Tout le monde se souvient – avec plus ou moins de bonheur – des dictées sur les bancs de l’école. Le 16 mars, à Pantin (93), l’exercice sera convivial et populaire, ouvert aux enfants comme aux adultes. Les participants découvriront un texte rédigé spécialement pour l’occasion par le linguiste Julien Barret, autour des mots sélectionnés dans le cadre de l’opération « Dis-moi dix mots sur le podium ». De son côté, Abdellah Boudour, initiateur de la « Dictée pour tous », met son talent d’organisateur au service de cet événement fédérateur. « Plusieurs ingrédients sont nécessaires pour que ce soit populaire : organiser une dictée dans le quartier, en dehors de tout cadre scolaire, en général le samedi. Enfin, inviter les familles à venir sur plusieurs générations. C’est véritablement une fête ! », explique l’entrepreneur social.
Un texte sur mesure
Spécialiste de la rhétorique et de la nouvelle poésie orale du rap et du slam, Julien Barret s’intéresse aux nouveaux mots de la langue française, créés par les jeunes dans les banlieues parisiennes. « Certaines communautés ont des langages spécifiques. Cela s’appelle des sociolectes. Beaucoup de termes nouveaux apparaissent chez les jeunes des villes et des banlieues, et se diffusent à travers le rap, les réseaux sociaux et parfois l’humour », explique le linguiste. Et d’ajouter : « On m’a demandé de rédiger une dictée en utilisant différents registres de langue, et d’y intégrer à la fois des mots de la francophonie, du langage parlé par les jeunes et de l’opération « dis-moi dix mots sur le podium ». Le plus compliqué était de trouver le ton juste. J’ai écrit trois paragraphes, un pour le primaire, un pour le collège et un pour le lycée et les adultes », détaille Julien Barret (1).

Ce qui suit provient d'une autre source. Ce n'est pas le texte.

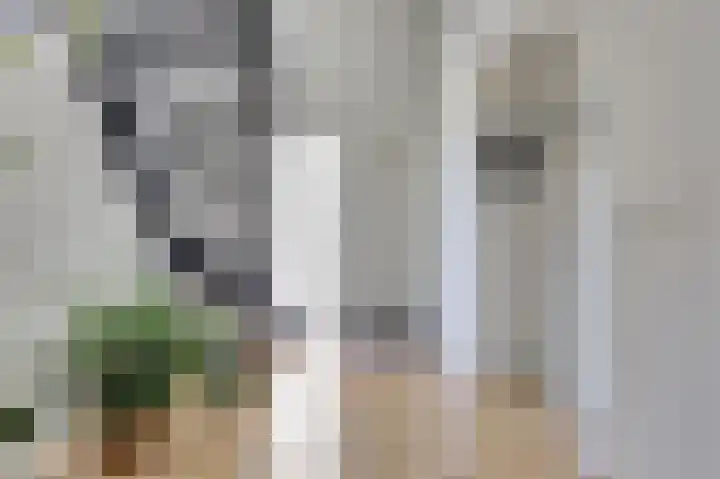 Slagveldstraat 9 Kruiningen thumbnail 5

Un prétexte pour apprivoiser la langue
Organiser des dictées populaires et géantes dans les quartiers en France, c’est ce qu’Abdellah Boudour fait depuis 2013. « Au départ, j’organisais des distributions de fournitures scolaires dans mon quartier d’Argenteuil. Ces sont les mamans du quartier qui m’ont sollicité pour organiser des actions en faveur de l’orthographe. J’ai mis 40 chaises et on s’est retrouvé à 250 participants. Après il y a eu les réseaux sociaux, on a fait le buzz et on a décidé d’en organiser dans toute la France », explique l’initiateur de « la Dictée pour tous ».

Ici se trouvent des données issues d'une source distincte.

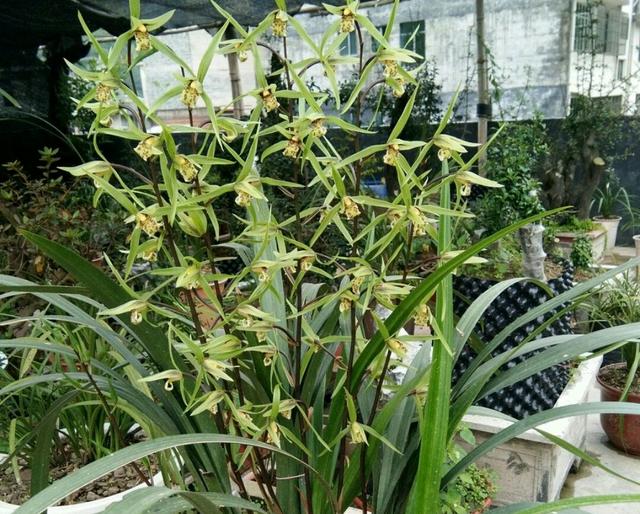 寒兰_怎么快速区分春兰和寒兰？只需摸一摸，看一看（春兰和寒兰的区别,兰友教你辨别方法!）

Son but ? Favoriser l’accès à la lecture et à l’écriture, dans toutes les classes sociales. « On n’est pas tous faits pour faire des grandes études. Mais plus on a de vocabulaire et d’orthographe, plus on a des idées, de l’inspiration et de l’ambition. Et des capacités à défendre ses projets », ajoute-t-il.
Lui-même a croisé le chemin des livres et de la langue dès son enfance : « Dans mon quartier, quand il faisait froid et qu’il pleuvait, on ne pouvait pas aller sur le terrain de football. Alors, on se réfugiait à la bibliothèque municipale. Le directeur nous obligeait à prendre un livre pour rester. C’est comme cela que j’ai rencontré les livres et les mots », se souvient l’entrepreneur social.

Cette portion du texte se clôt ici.